Reading to Learn and Writing to Teach: Literacy Strategies for Online Writing Instruction
by Beth L. Hewett, 2015

Part One: OWI and Literacy Needs

Neither age nor learning style accounts for the complexities that digital technology brings to the classroom and how such technology affects students. It helps to consider students in relation to the digital age in which we currently live. (2015, p. 21)

The Students

Hewett faced a difficult challenge in writing this book—recognizing the incredible diversity of students, teachers, institutions, technologies, and potential future changes to each of these while also generalizing enough about them to be able to write a meaningful and generally helpful book for her diverse audience: educators new to an online milieu or veteran digital educators. She acknowledged that "generalizations always fail to capture the uniqueness of students, potentially creating caricatures of the thinking and feeling people who inhabit our classes"; still, she continues by defending the use of generalizations: "yet, they are useful in discerning what students need from educators in an OWI setting" (p. 21). I found her direct handling of the struggle against but reliance on generalizations not to be a cop-out for cutting corners or drawing easy conclusions—part one was rife with nuanced thinking about who students are, how the digital affects them, what reading is, and practical considerations for how to teach in light of all of that.

Particularly helpful concepts included her pushback against the idea of the digital native: "We must respect that being born to digital technology does not equal enjoyment of, comfort with, or preference for it" (p. 26).

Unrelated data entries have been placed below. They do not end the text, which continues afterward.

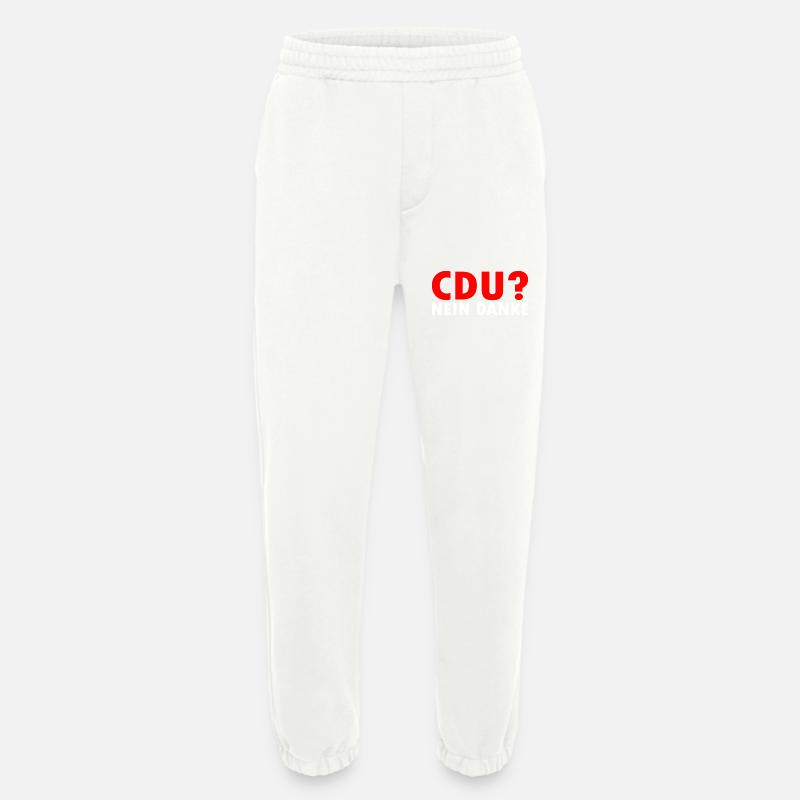 Cdu - Heavyweight Jogginghose - made by SPREAD - OFF WHITE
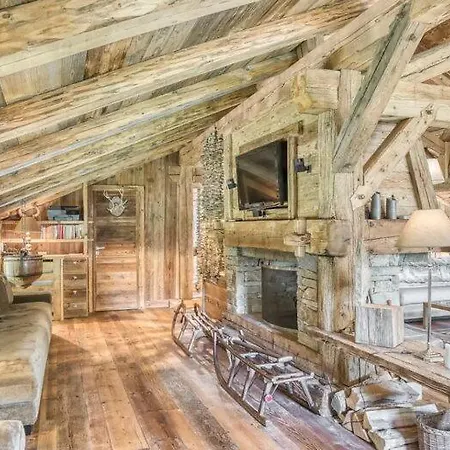 Javen - 520m2 Avec Piscine Chauffee Et Cinema * Megève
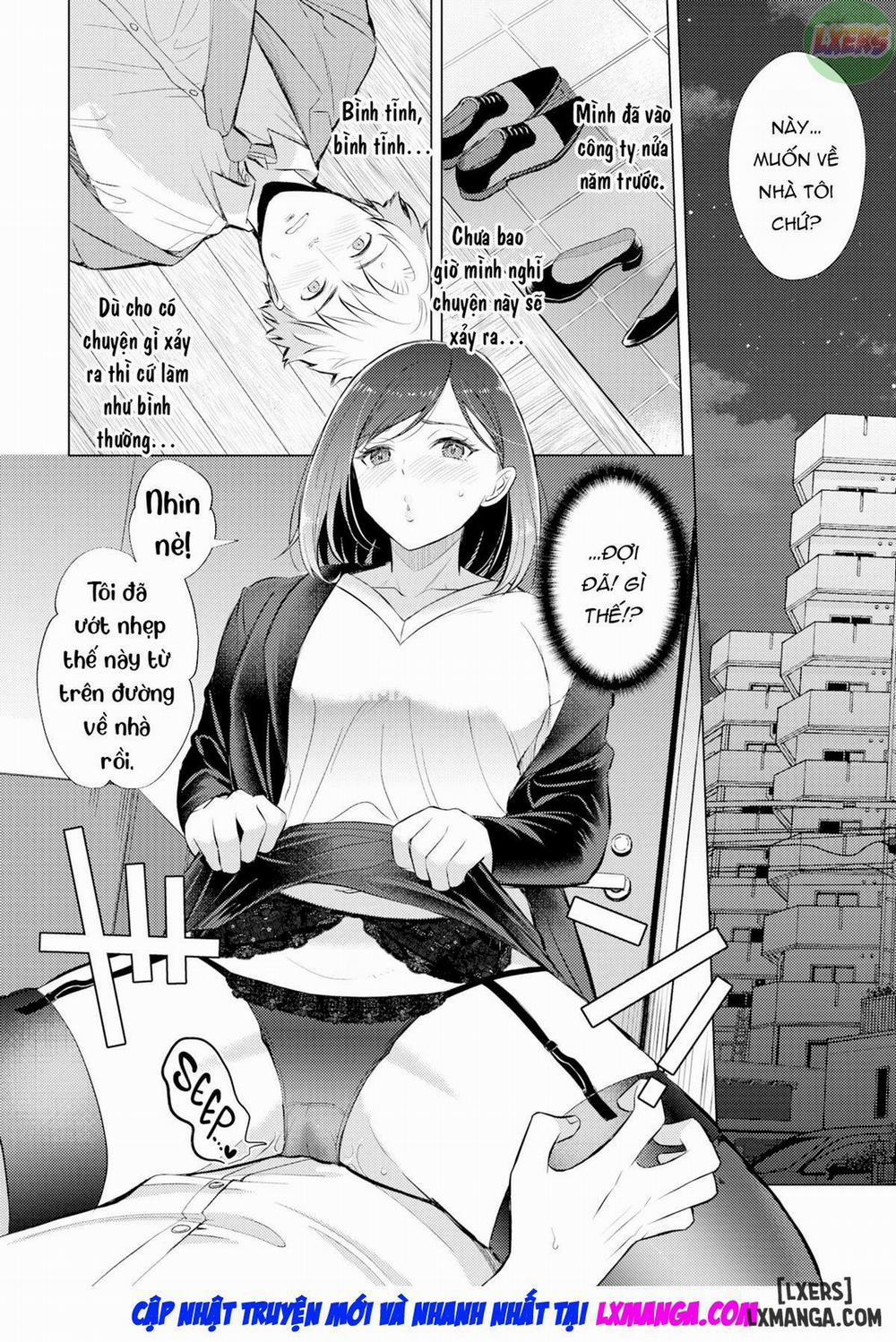 Please Coach Me, Mutsuura-san! Oneshot trang 6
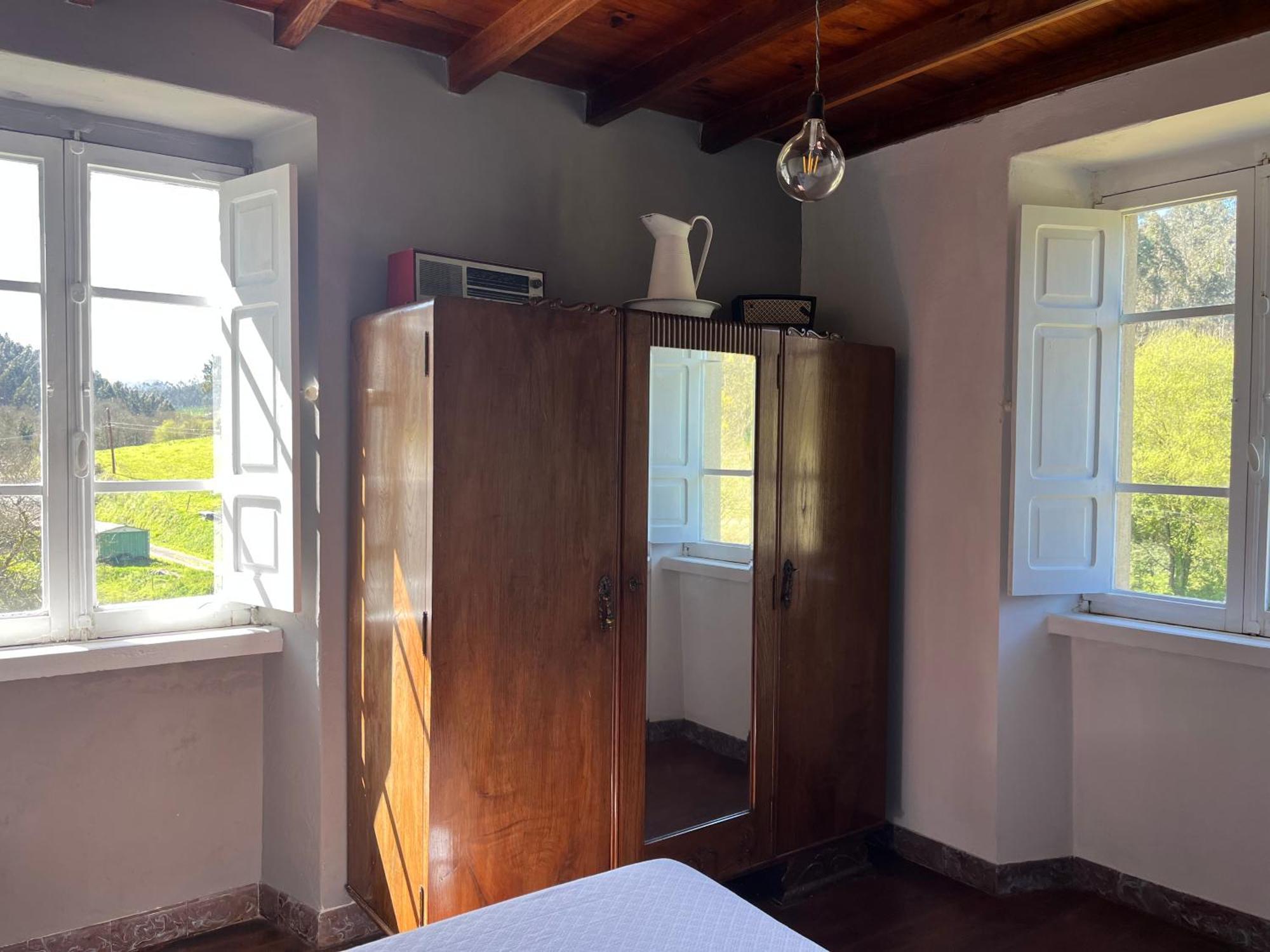 Casa De Campo Pumarada De Oirin Foz Eksteriør billede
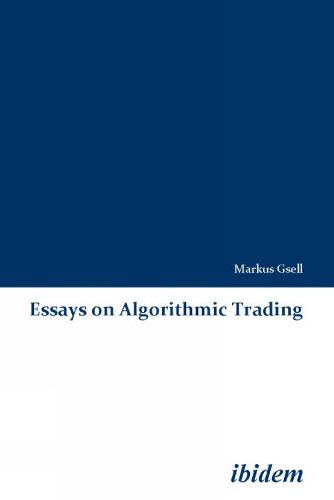 Cover image for Essays on Algorithmic Trading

She also theorized difference in maturity between students as "pedagogy" (literally derived from the Greek for "leading the child") for those reliant on teachers, "andragogy" for those independent students reliant on their own experience and needs, and an in-between "adolegogy" as a midpoint between the two (p. 18). Multitasking and the brain science behind it was also a factor she addressed: "Researchers have indicated that multitaskers make up to 50 percent more errors and take up to 50 percent longer to complete a task than nonmultitaskers (Medina, 2008, p. 87)" (p. 30). Throughout her treatment of student categorization, Hewett tried to bring more nuance to how we think and talk about students, rejecting "traditional" and "nontraditional" and claiming that "all OWI students [are] generally nontraditional" (p. 24).

screenshot with gray background, header text, image of smiling male face, and partially readable introuction text
Figure 4. Screenshot of Richard Samuelson's "Get-to-know-you" post, as Beth Hewett recommends. Text shows enthusiasm ("I'm excited for this class"), introduces the teacher (e.g., that he's a PhD student at Idaho State University), and provides "two truths and a lie": 1) "I came within 30–40 feet of a big bull moose this summer"; 2) "I made my own board game which I'm going to enter into a competition"; 3) "I'm actually Richard Samuelson the third, since I have my father's and grandfather's name."

Hewett's dilemma of talking about students in generalities yet creating personal connections with them is one that online teachers struggle to negotiate. The screenshot to the left is my entry in a get-to-know-you game I do with my students, yet by requiring students to be able to post images like this I worry that now I've assumed my students are digital natives, which Hewett also warns about.

The Science of Reading

Hewett brought a similar nuance to her discussion of reading, starting with the difficulty of even understanding what reading is. She drew on linguistic definitions of reading as involving phonological, orthographic, semantic/pragmatic, syntactic, and morphological elements; a "Textbase" and "Situation" model of deep and shallow reading; "The Brain on Text," a section about brain plasticity that notes, "while the brain is hardwired for many things, reading is not one of them" (p. 54); how the brain progressed from decoding to fluency to expert reading; eye/brain relations in saccades, fixations, and regressions; and finally reading as hard work: "Teachers of reading and writing…need to give up control of what they consider to be a good reading to accept instead a good enough reading" (p. 71). She concluded part one with a large section on the importance of access (including a 12-item bullet list about what teachers can do to help students) and practical considerations for teaching reading, including the value but danger of the cognitive disruption inherent in a text-rich online environment, bullet lists of possible exercise types/administrative and institutional concerns/tips for making online teaching time-efficient/best practices for cooperative work. Her short, concise focus on what's useful sets the stage for the next part of her book, which has a similar feel.